• Prompt
Down to the last line, set down the listing below exactly, apart from its pictures.

• Given information

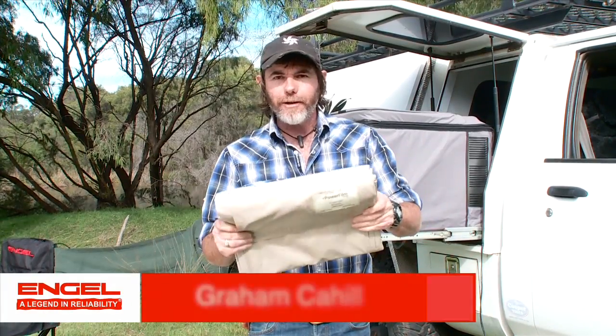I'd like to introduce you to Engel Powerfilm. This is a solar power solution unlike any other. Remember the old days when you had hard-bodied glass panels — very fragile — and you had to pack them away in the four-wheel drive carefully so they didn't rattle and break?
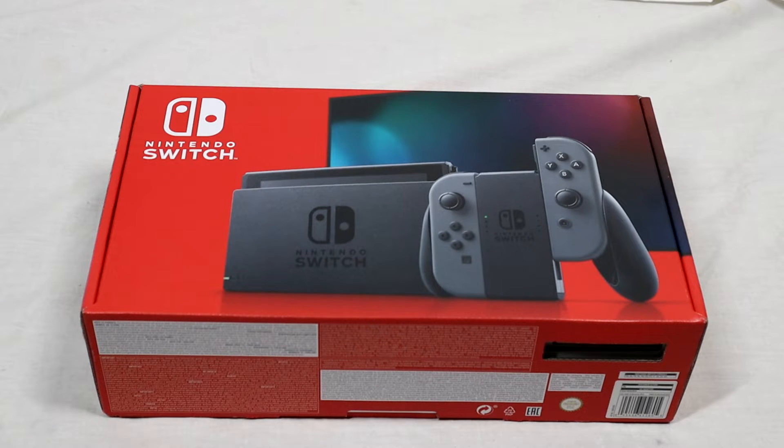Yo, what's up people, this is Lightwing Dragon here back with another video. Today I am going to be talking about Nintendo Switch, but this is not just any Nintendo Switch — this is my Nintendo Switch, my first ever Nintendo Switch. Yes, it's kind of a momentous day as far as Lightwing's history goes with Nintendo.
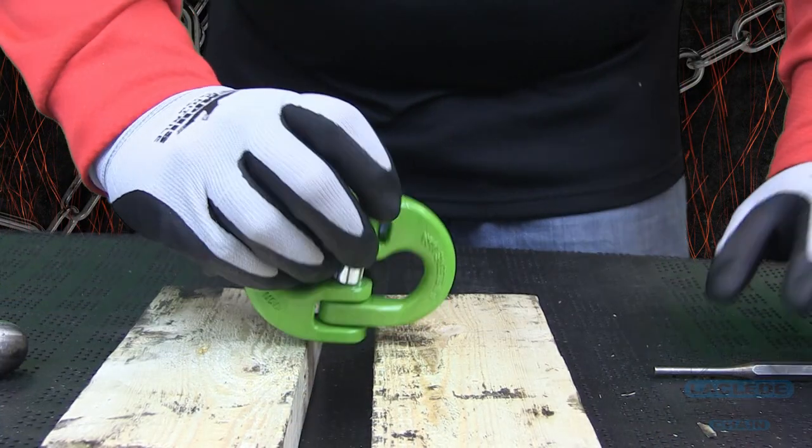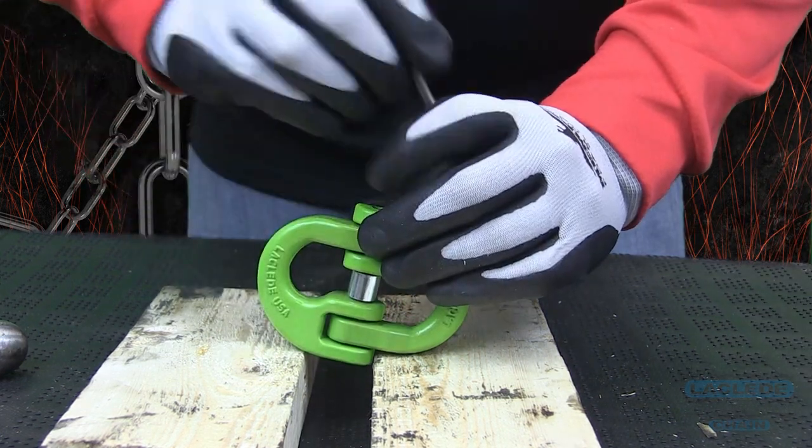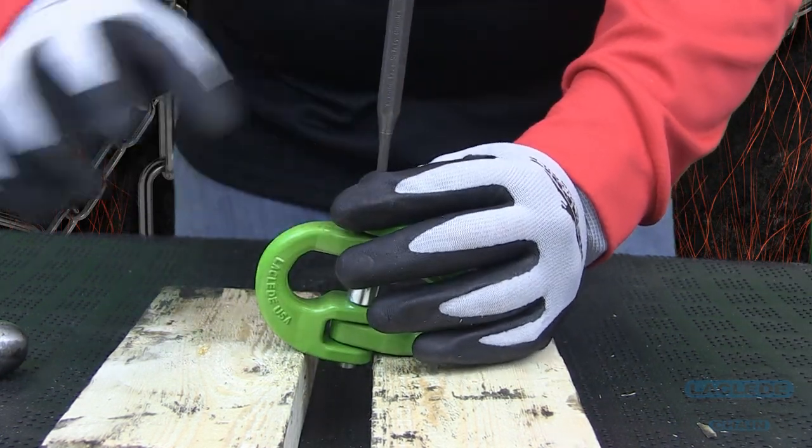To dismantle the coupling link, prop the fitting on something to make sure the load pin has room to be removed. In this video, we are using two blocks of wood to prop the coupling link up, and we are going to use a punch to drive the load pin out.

• Task result
I'd like to introduce you to Engel Powerfilm. This is a solar power solution unlike any other. Remember the old days when you had hard-bodied glass panels — very fragile — and you had to pack them away in the four-wheel drive carefully so they didn't rattle and break?
Yo, what's up people, this is Lightwing Dragon here back with another video. Today I am going to be talking about Nintendo Switch, but this is not just any Nintendo Switch — this is my Nintendo Switch, my first ever Nintendo Switch. Yes, it's kind of a momentous day as far as Lightwing's history goes with Nintendo.
To dismantle the coupling link, prop the fitting on something to make sure the load pin has room to be removed. In this video, we are using two blocks of wood to prop the coupling link up, and we are going to use a punch to drive the load pin out.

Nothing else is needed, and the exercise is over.